Sunday, January 03, 2016
“The Lassen Peak Eruptions & Their Lingering Legacy”
“People had believed that Lassen Peak, a 10,457-foot high mountain, was an extinct volcano…. Then on May 19, 1915, a great eruption with lava caused a massive mudflow down the northeastern slope of the peak, unleashing damage and destruction onto Hat Creek Valley below.”
Lassen had “reawakened” earlier, on May 30, 1914, when it began to emit steam and black smoke. Elmer Sorahan, riding toward Susanville, looked up “and was moved to casually comment to his riding companion, ‘Looks like Mt. Lassen’s erupting.’”

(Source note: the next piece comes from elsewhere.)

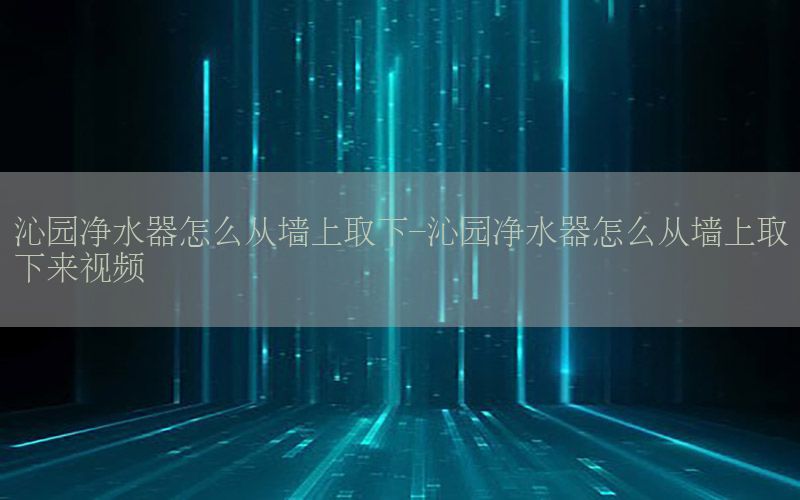 沁园净水器怎么从墙上取下-沁园净水器怎么从墙上取下来视频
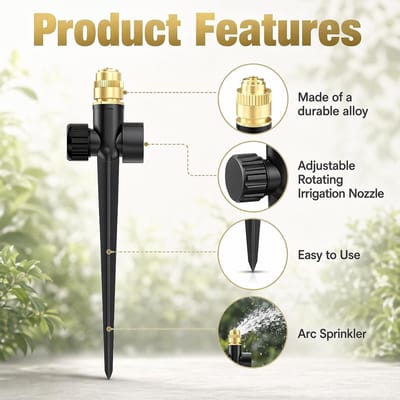 Dubbele verpakking van 2 metalen gazonsproeiers voor tuinirrigatie, automatische 360 graden tuinsproeier voor optimale waterverdeling en grote oppervlakteafdekking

Alan Willendrup of Roseville interviewed eyewitnesses for research on Lassen Peak forty years ago. Now, thanks to the Association for Northern California Historical Research, based at Chico State University, Willendrup’s work has been reissued and enhanced. “The Lassen Peak Eruptions & Their Lingering Legacy” ($19.95 in paperback from ANCHR, www.csuchico.edu/anchr) covers geology; the “First and Second Americans”; the eruptions and their aftermath. (Copies are available at The Bookstore in Chico, Discount Books in Oroville, and My Girlfriend’s Closet in Paradise.)
It’s a beautifully-written narrative, told with the human touch and a keen eye to set the record straight in the wake of wildly exaggerated newspaper stories.

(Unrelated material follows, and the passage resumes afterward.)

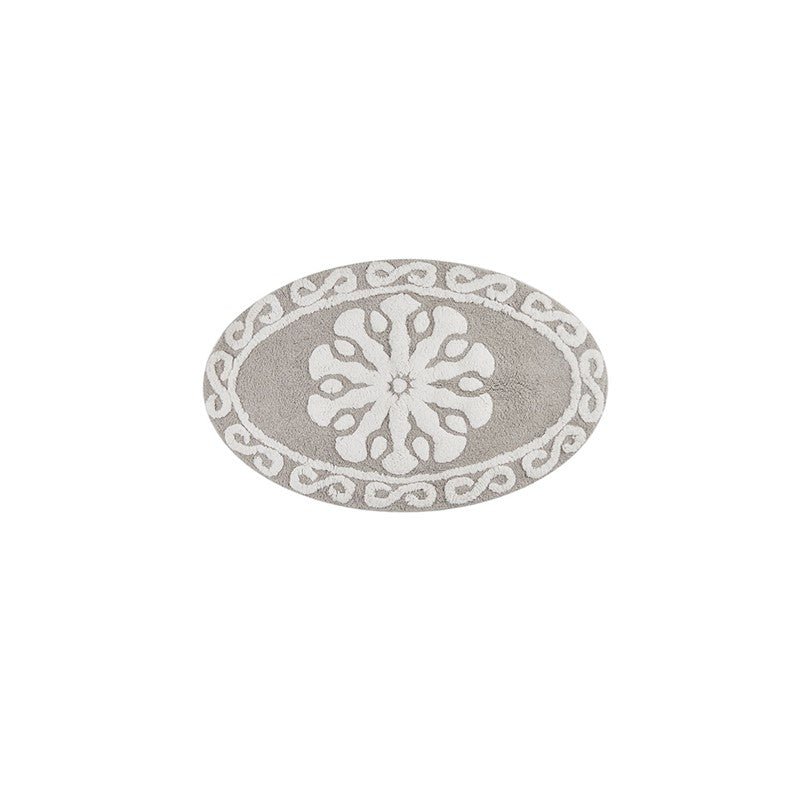 Casablanca Medallion Cotton Tufted Bath Rug - Taupe Medallion Bath Rugs - Quahog Bay Bedding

No one died as a direct result of the eruptions, but there were some close calls and life in the areas below the peak would never be the same. The Shasta County Fair in 1915 featured “the only real live volcano in the United States”; and Charles E. Kunkle of Chico blamed Lassen for causing heavy spring rains that year.
It's clear from his laconic observation that “Sorahan knew nothing of the significance that this initial eruption would later have on his life. In less than a year, he would literally be running for his life from a fast advancing mudflow roaring down from the slopes of Lassen Peak on a path of destruction toward his small homestead in the Hat Creek Valley. But having no crystal ball, Sorahan and his companion were content to maintain their leisurely trot back to Susanville.”
Today? “One hundred years later, as the descendants of these incredibly resilient people live out their lives at the foot of Lassen Peak, the mountain sleeps—for now.”